To Be Continued....

To Be Continued

John Paul Derryberry

My wife's old colleague, now friend, a former boss turned friendly sounding board, and the best friend who married my wife and I walk into a bar. Stop me if you have heard this before.  The old joke set-up works for me this week. A mad dash through Iowa City, Iowa, resulted in visits with people Anne and I used to interact with weekly, if not daily. A free gift of Iowa Hawkeye Women's basketball tickets turned into a quick family getaway, which was both awesome and a smidge stressful because traveling for 5 and 6 years is never completely smooth. 

Yet, while driving home, I pondered those excellent relationships that can pick up where you left off after a long time apart. Like when a TV show has delays and the time between season releases frustrates the viewer, but once the theme song hits, all is forgiven. It's an endearing quality humans have evolved into over the years. The notion and recognition that we must eventually part from people we hold near and dear. Life paths are different, yet when those paths seem to cross again, we interact as if the time apart was mere days, not months and years. 

For me, it's an old-fashioned notion that the world seems hell-bent on pitting everyone against each other. I found solace in reconnecting, and we were genuinely happy for each other's successes and growth in our time apart. Even if part of their stories, I thought, well, that's not what I would do for my life. The piece of that sentence is "my life." We are a little into everyone's life like I do right now. It was a refreshing reminder that as bad as some people make it out to be if more of us look past that noise, we will find a world willing to reconnect, even over differences we may have. 

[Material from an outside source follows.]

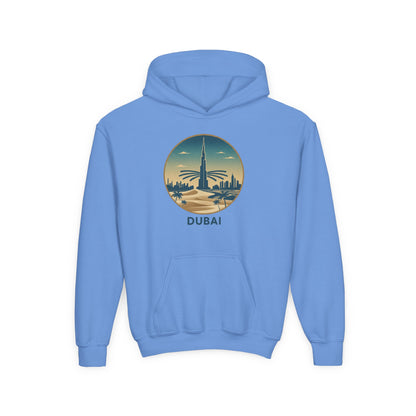 Dubai Skyline Youth Hoodie — Retro Desert Sunset Travel Sweatshirt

It's a reminder to stay engaged in relationships, reconnect when life allows, and see what people have accomplished since we last parted. It's not perfect; nothing ever is. And honestly, perfect sounds really dull. It is authentic, which we could use more in our lives. So many life moments are edited, cropped, and filtered for social media as if that is real life.  Maybe life and relationships would be better understood through the lens of long friends reconnecting. We can pick up where we left off, and when we part again, we can say to be continued. Nothing really ever finished, to waiting to be picked back up again.